Через окно, конечно.

Дед очень часто говорил слова, которых маленький Никита не мог понять. Например, видя на экране телевизора заставку к программе «Интервидение» в виде герба СССР и московского Кремля, он произносил фразу «Серп и молот – смерть и голод». Что означали эти слова, мальчик не знал. И даже не представлял, что, оказывается, эти слова были антисоветской пропагандой, за которую могли посадить в тюрьму.

Впрочем, как потом узнал Никита, дедушка в тюрьме таки сидел. Ему об этом рассказала бабушка. Оказывается, дед ударил топором соседа, когда они дрались за двор. Сосед хотел себе забрать часть территории двора семьи Беловых. Потом оказалось, что соседи подрались напрасно – через 10 лет государство забрало у дедушки с бабушкой эту часть их двора, потому что на генплане было что-то там неправильно начерчено.

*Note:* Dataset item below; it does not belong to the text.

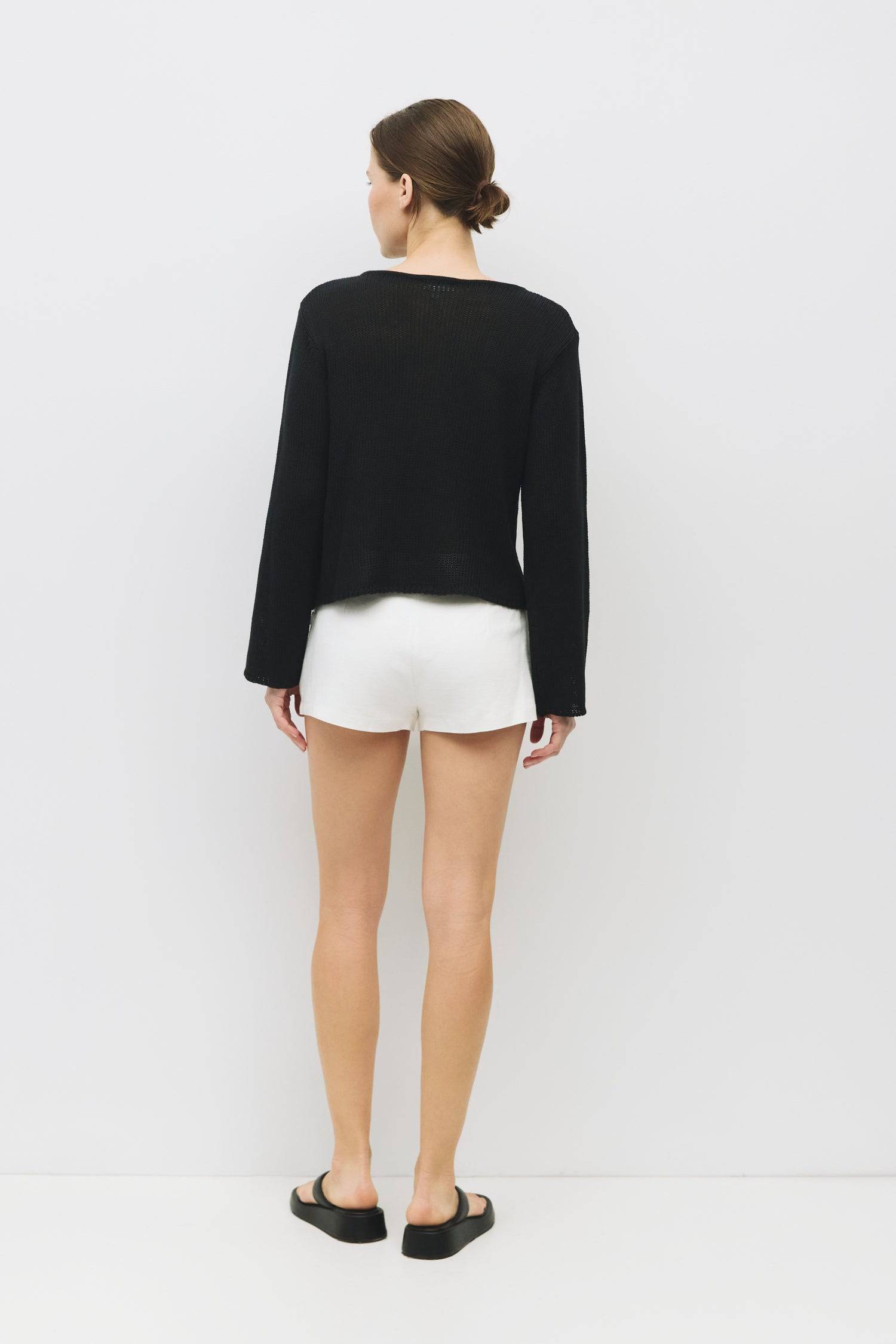 8929241989341, The Tala Sweater, Tops, All Row, All Row,allrow,Basic,Basics,Black,Blue,Cardigan,Casual,cf-color-black,cf-color-blue,cf-color-cream,cf-size-l,cf-size-m,cf-size-s,Comfortable,Cream,Crew Neck,Crop,Cropped,cropped hemline,Everyday,Grey,key hole,Light Blue,longsleeve,Matching Set,new,set,Sets,Shell Buttons,Short Sleeve,Spring,stretch,Transitional,Womens,womens top, Information The Tala Sweater is a comfy long-sleeve piece featuring a unique front cut-out with a button closure for added flair. Wit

А еще через пятнадцать лет уже сам Никита будет мучиться с этим генпланом. И даже попытается судиться с государством. Тогда он еще не знал, что попытки тягаться с государством всегда заведомо будут провальными…

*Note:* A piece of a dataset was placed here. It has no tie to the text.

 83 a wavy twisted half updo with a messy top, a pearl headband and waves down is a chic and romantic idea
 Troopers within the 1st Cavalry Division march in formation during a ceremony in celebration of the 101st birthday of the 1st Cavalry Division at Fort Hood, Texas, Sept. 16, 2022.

Бабушка Никиты, Мария Ермолаевна Морозова, к советской власти тоже особой любви не питала. И когда внук, впоследствии ставший пионером, пытался ей доказать, что советское государство – самое справедливое в мире, она тяжко вздыхала и говорила одну и ту же фразу: «Паны булы, паны и залышылыся». И дальше шла, как она говорила, «поратыся по господарству». Она сажала цветы и потом их продавала на рынке, а также покупала сырые семечки, жарила их на сковородке и тоже продавала. Большой стакан жареных семечек подсолнуха стоил двадцать копеек, а маленький – десять. Тыквенные семечки стоили дороже, но их сложнее было выковыривать из тыквы, потом сушить и потом только жарить. Так что Мария Ермолаевна продавала только семечки подсолнуха. Ну, еще летом торговала яблоками сорта «белый налив» и грушами сорта «лимонка», которые росли в саду. Потому что жить на пенсию было тяжело, а содержать внука – тем более тяжело. Растущий организм постоянно требовал продукты питания. А их надо было покупать. Колбаса на огороде почему-то не росла…

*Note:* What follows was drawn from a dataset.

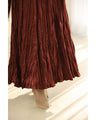 A long skirt with a velour-like texture and a wrinkled, washed look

Зато яблок у Никиты летом всегда было от пуза, как, впрочем, и вишен, абрикос, слив и даже черешен. Одним словом, летом он вполне мог жить без колбасы, то есть, на подножном корме. Именно поэтому Никита стал часто уходить из дома на улицу, где гулял допоздна. И приходил домой лишь под вечер. Благо, частный дом и улица в украинском городе, точнее, в пригороде, мало чем отличались – везде цвели фруктовые деревья, вишни, черешни, яблоки, абрикосы можно было рвать, где угодно и объедаться ими от пуза. Ну, почти где угодно. Потому что черешни чаще всего росли за забором в чужих дворах. А вот яблони или абрикосы с вишнями – везде. Но черешни были вкуснее. Так что лазить по деревьям и заборам мальчик научился отменно.

Лазить по чужим садам его толкала исключительно любовь к острым ощущениям, а не жажда наживы или желание полакомится фруктами. К тому же повсюду росли шелковицы – черная, белая, розовая, они манили к себе постоянно. И мальчик приходил домой с синими губами и липкими ладонями, отказываясь ужинать оладышками или варениками, которые готовила его бабушка. Зимой мальчик ел с гораздо большим аппетитом, потому что зимой ни черешни, ни шелковица не растут. Поэтому приходилось уплетать и вареники, и оладушки. И все же рос он худеньким, хотя и жилистым пацаненком. К тому же, сказалось отсутствие мужского воспитания – драться Никита совсем не умел. А когда его били, быстро опускался до банального рёва, девчачьих слёз.